Here’s the thing I’m remembering: Feed readers work best for me when they’re rivers, not inboxes. Dave Winer has been writing about Rivers of News for years. My interpretation goes like so:

  • No read / unread flags. There is no “Select All, Mark as Read“.
  • No queue to be processed. “Your RSS reader is not your task master.
  • Reverse chronological order everywhere – new stuff first.
  • Easy-to-skim capsules of content, grouped into relevance by feed.
  • Navigate by paddling down the river. Spacebar, page down, mouse wheel, finger drag – but, crucially, this isn’t item-by-item navigation.
  • Open new tabs in the background or push into Pocket whenever something looks worth reading.
  • Take occasional breaks to read tabs.
  • Continue on to the end of the river or until things look familiar.

Before my new DIY effort, my last reader was Tiny Tiny RSS. It’s a good feed reader, not entirely unlike ye olde Google Reader. The thing that kept kind of driving me away from it is that it’s too inboxy. I mean, you don’t have to interact with it like that, but it invites that usage and that I’m tempted by it. It feels like work and I avoid it often.

Actually, even it’s not strictly a feed reader, Google Discover has been my most-used news stream over the past couple of years. I’d roll out of bed, swipe over to it from my phone’s home screen, thumb through it, and start loading up tabs. I’m pretty much done with that thing now, though.
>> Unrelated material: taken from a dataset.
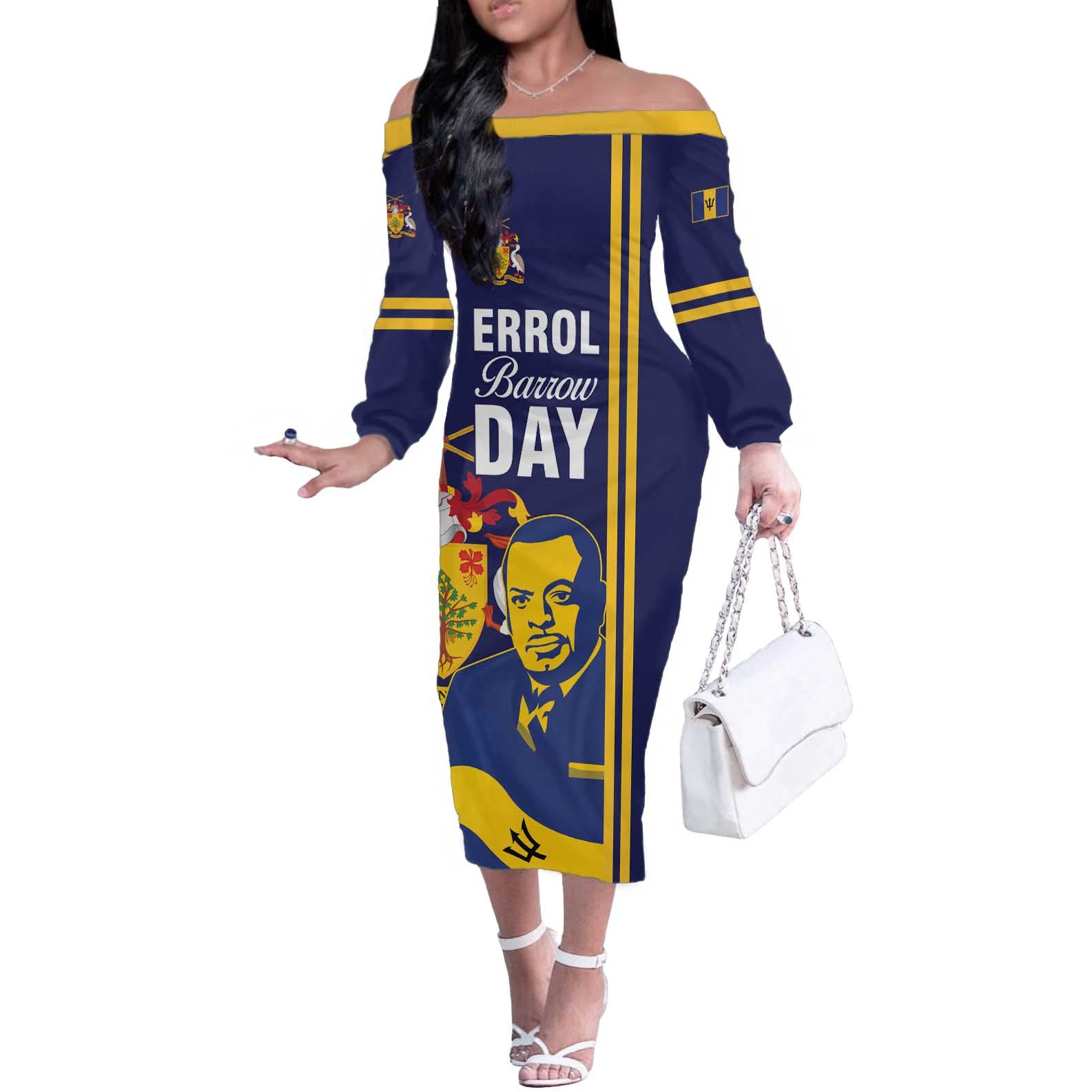 Barbados Errol Barrow Day Off The Shoulder Long Sleeve Dress Barbadian Father of Independence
So, rough & ugly as it is, I’m finding it a lot easier & more enjoyable to paddle down my new river. I even got it working acceptably on my phone. I’ve been catching a lot more news than I have been in probably years. It’s not like this is my first River of News reader – it’s just that I seem to have forgotten how I used to read news from, like, ten years ago.

Here’s another weird thing: It re-occurred to me that Facebook and Twitter and Mastodon are all basically Rivers of News. I mean, quirky rivers with occasional algorithmic rapids – but still, they’re not inboxes. I say re-occurred, because I’ve had these thoughts before. Somehow I just forgot and have been trying to engage with feeds via an inbox again. I wonder why?

Anyway, this was in my head. Now it’s not. Hopefully I’ll do more of that here.